Qu’y a-t-il encore à présenter dans le paysage du rap français en ce début de XXIème siècle, entre le malaise social et les voitures brûlées ? Un premier projet à deux des membres de 5 Majeurs, Keroué et Vidji, plus intimiste. Isolé dans leur studio, nos deux compères s’essayent aux variations d’une discipline nationale qui a usé depuis longtemps toutes ses cartouches. Ni nostalgique, ni rétro pour un sou, Fixpen Sill parvient à briser la monotonie du rap français et lui insuffler un peu d’authenticité. Quoi de plus surprenant, me direz-vous.
On retrouve certes les composantes des structures du rap, avec sa boucle instrumentale simple au rendu varié (très beau rendu jazzy pour le morceau “Train de vie”), une rythmique binaire mais un flot de paroles jusqu’à 15 syllabes par mesure (parfois plus au milieu d’une “Affaire Durable”) mais qui donne une crédibilité à un propos orienté. L’intelligence de Fixpen Sill, c’est justement de privilégier ses mots, son discours à un jeu de rimes et un refrain séduisants. Ce dernier est la plupart du temps mis à mal, afin de toujours donner plus de valeur au texte (“le truc qui tue” qui ne trouve aucune rime réponse dans “Le Programme”, “le saut de l’ange dans un dé à coudre” de “Nouvelle Ère”) et révéler une vulnérabilité qui généralement ne trouve pas sa place dans le rap.

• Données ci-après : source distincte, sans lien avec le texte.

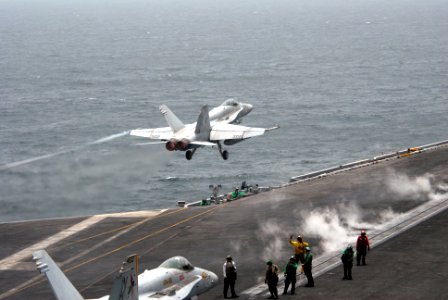 US Navy 090801-N-9132C-056 An F-A-18C Hornet, assigned to the Stingers of Strike Fighter Squadron (VFA) 113 launches from the aircraft carrier USS Ronald Reagan (CVN 76). Ronald Reagan is deployed to the U.S. 5th Fleet area of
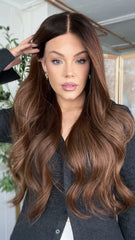 Mebary Ombre Brunette 13x6 Lace Front Wigs Human Hair for Caucasian Women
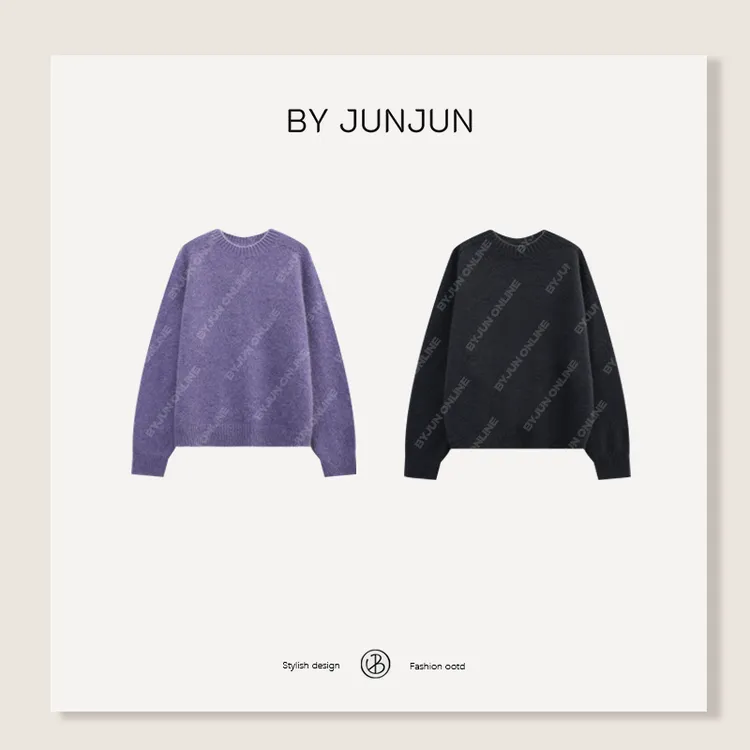 BYJUNJUN【山羊绒绒】山羊绒毛衣圆领百搭针织衫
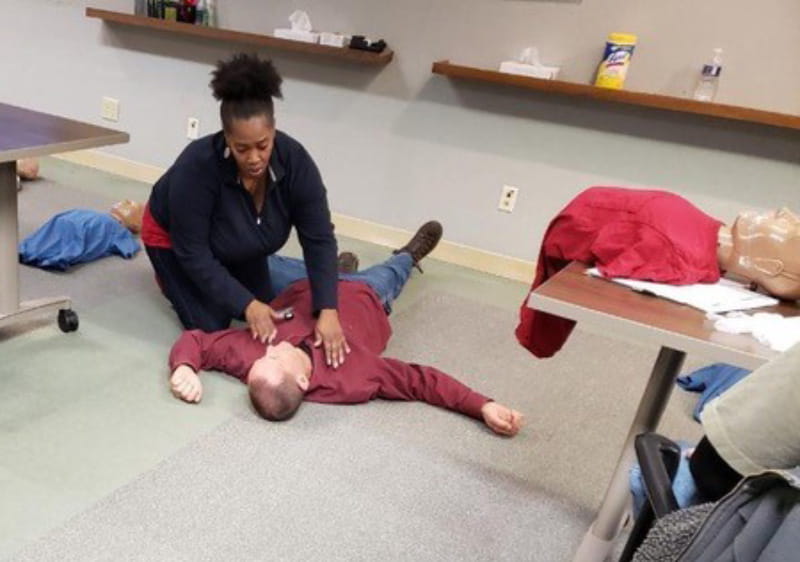 Denise Castille teaching a CPR class. (Photo courtesy of Denise Castille)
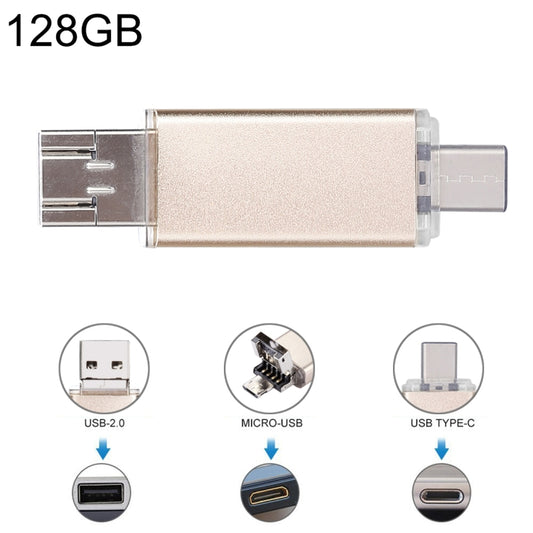 128GB USB flash drive with USB-A to Type-C connectors, gold color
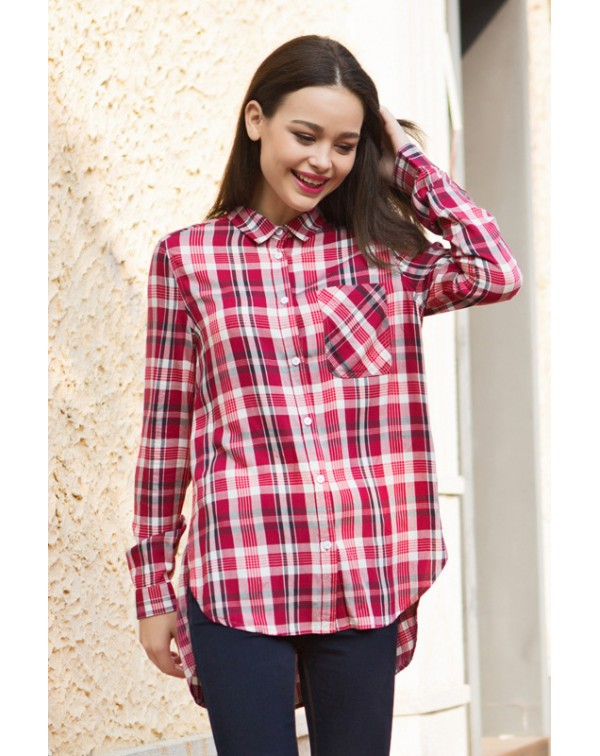 High Low Plaid Button Down Shirt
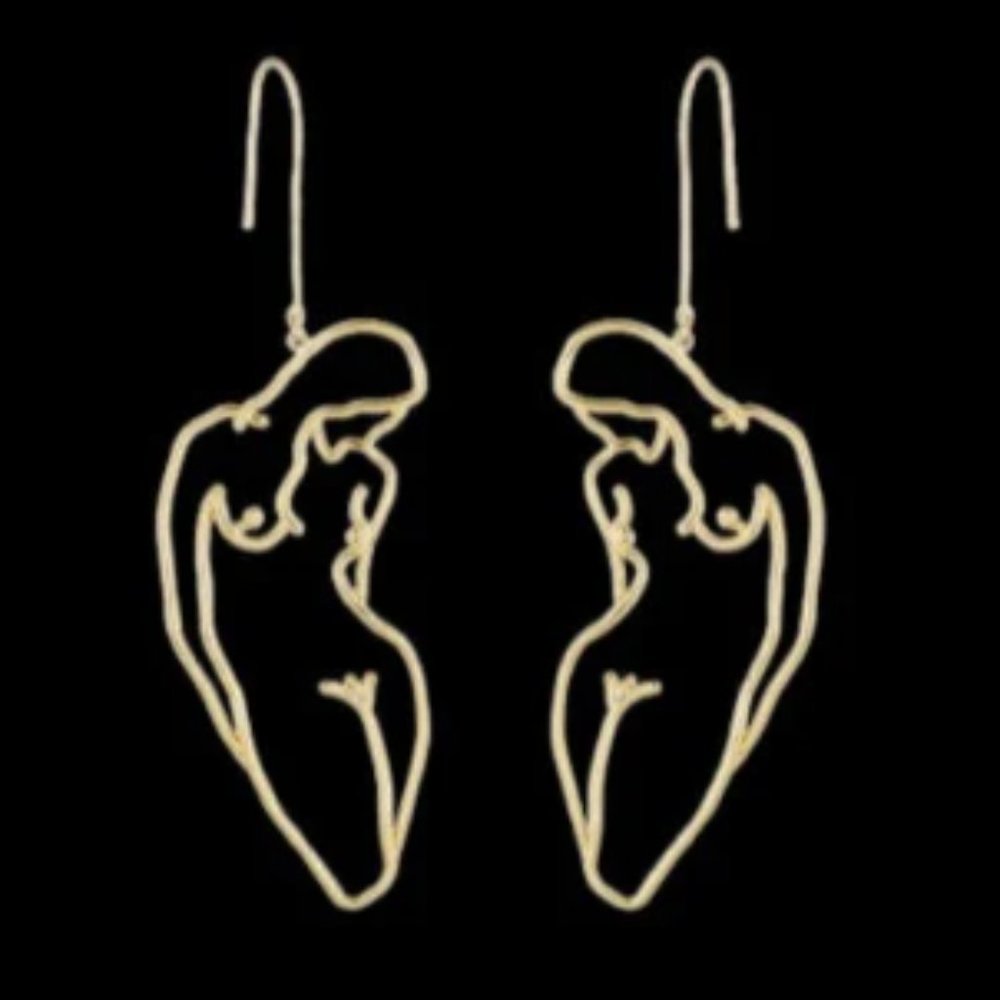 Gold Earrings Nude Female Body Earrings, Feminist , Liberal Art Jewelry, Boobies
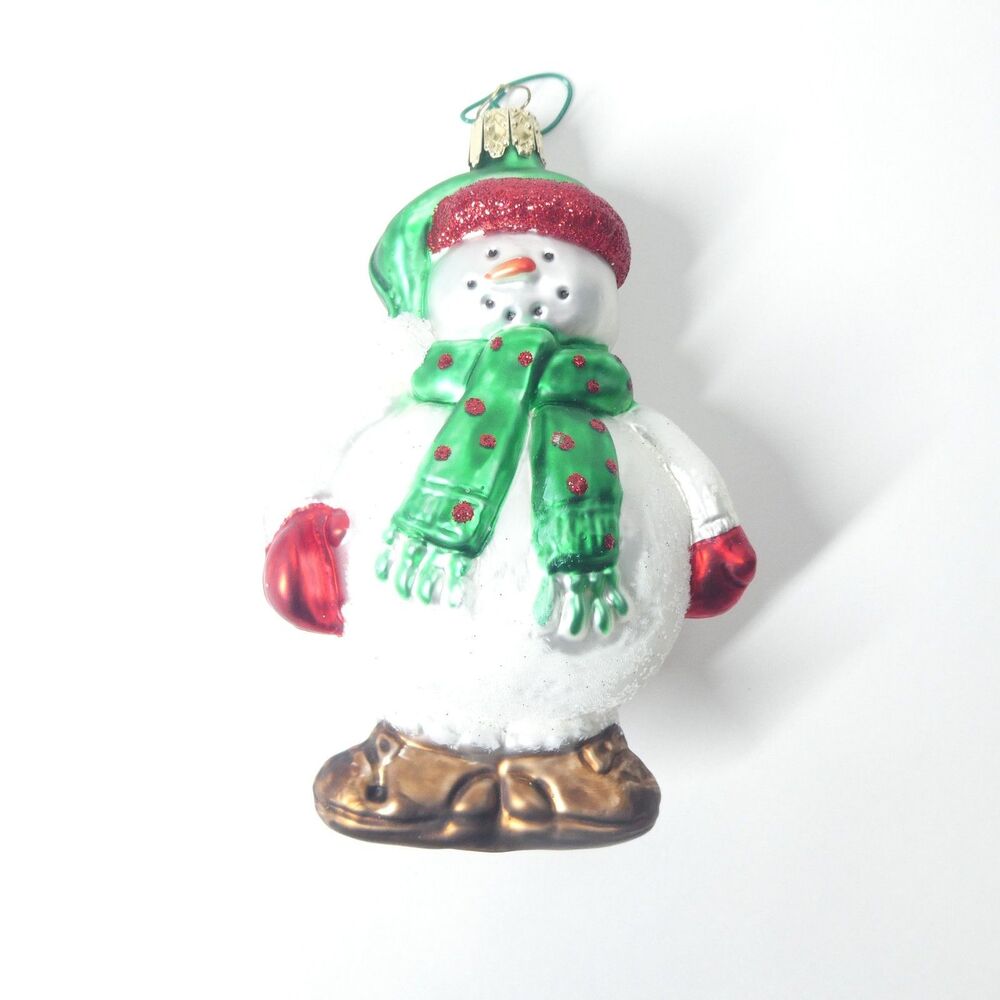 Snowman Ornament Blown Glass 6" Made in Germany Vintage Christborn?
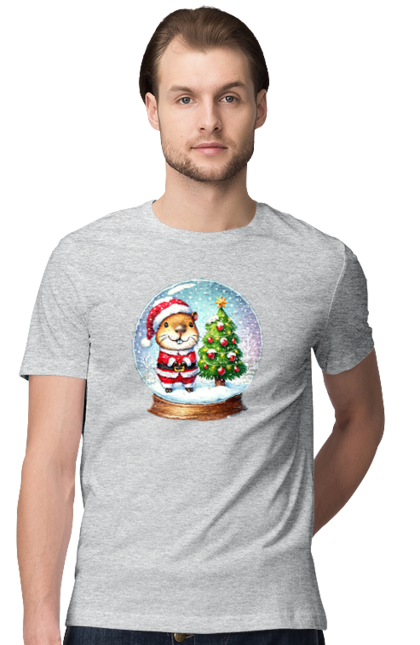 Men's t-shirt with prints Christmas Capybara with a Tree. Animal, capybara, christmas, christmas capybara, christmas tree, gift, holiday, new year, new year`s gift, santa. 2070702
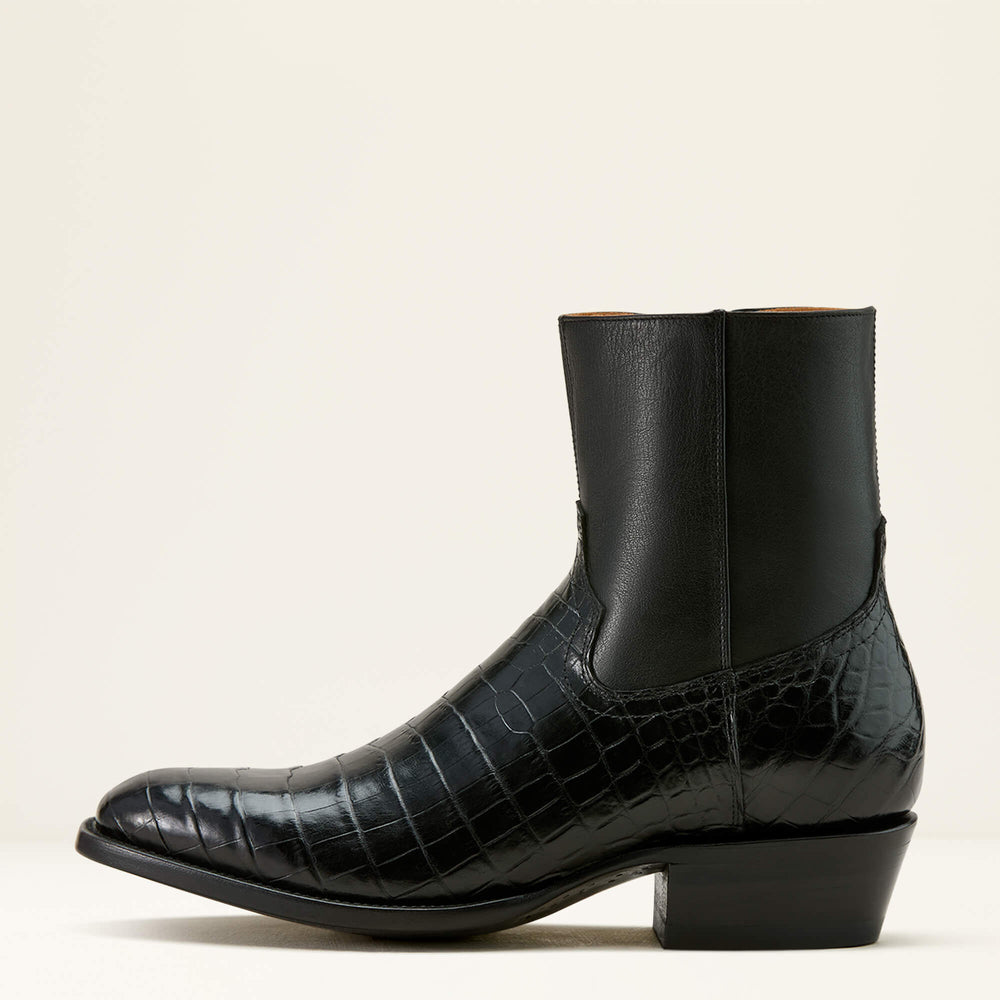 Bench Made Brewer Western Boot Men - JET BLACK NILE CROC/MIDNIGHT BLACK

La démarche aurait pu se contenter d’être simplement sincère, mais là où Fixpen Sill se démarque encore une fois, c’est dans cette ironie permanente de paroles qui échappent aux archétypes sociaux, frôlent même la parodie (le “Willy désossé sur une plage paradisiaque” est-il bien le pauvre orque qui a connu la gloire dans les années 90 ?), comme pour ne jamais être trop sérieux, ni trop ridicule. Ce jeu de balles permanent, Fixpen Sill parvient à en maintenir la force sur l’ensemble du disque. Les thèmes sont connus mais la musique parvient à leur donner une consistance, une image : la morosité urbaine, l’absentéisme scolaire ou encore le mutisme social trouvent ici une résonance particulière, grâce à un discours plutôt apolitique. Les morceaux s’enchaînent, la recette fonctionne plutôt correctement, et on finit par y prendre goût. On réalise que c’est peut-être ça qui manque au rap français aujourd’hui : un social crédible et un profond sens de l’humour. Ah oui, tout était dans le titre.
À l’opposé de l’arrogance et de la provoc’ d’un NTM, Fixpen Sill fait le choix du pragmatisme, où le tenir bon est un état d’esprit. Moins incisif que leur projet parallèle 5 Majeurs (auquel participe également Nekfeu – l’un des membres 1995 -, qui fait d’ailleurs une apparition sur “Garde à Vous”), le duo joue la carte du rap zen, à la manière du « Ghost Dog » de Jarmusch. Si tout n’est pas parfait, le contrepied est du plus bel effet. Le sens de la formule se retrouve moins dans ces textes qui bataillent sans cesse avec le quotidien que dans l’image complètement assumée (mais maîtrisée) d’un genre aux codes bien établis. Une affaire durable qu’il convient de suivre.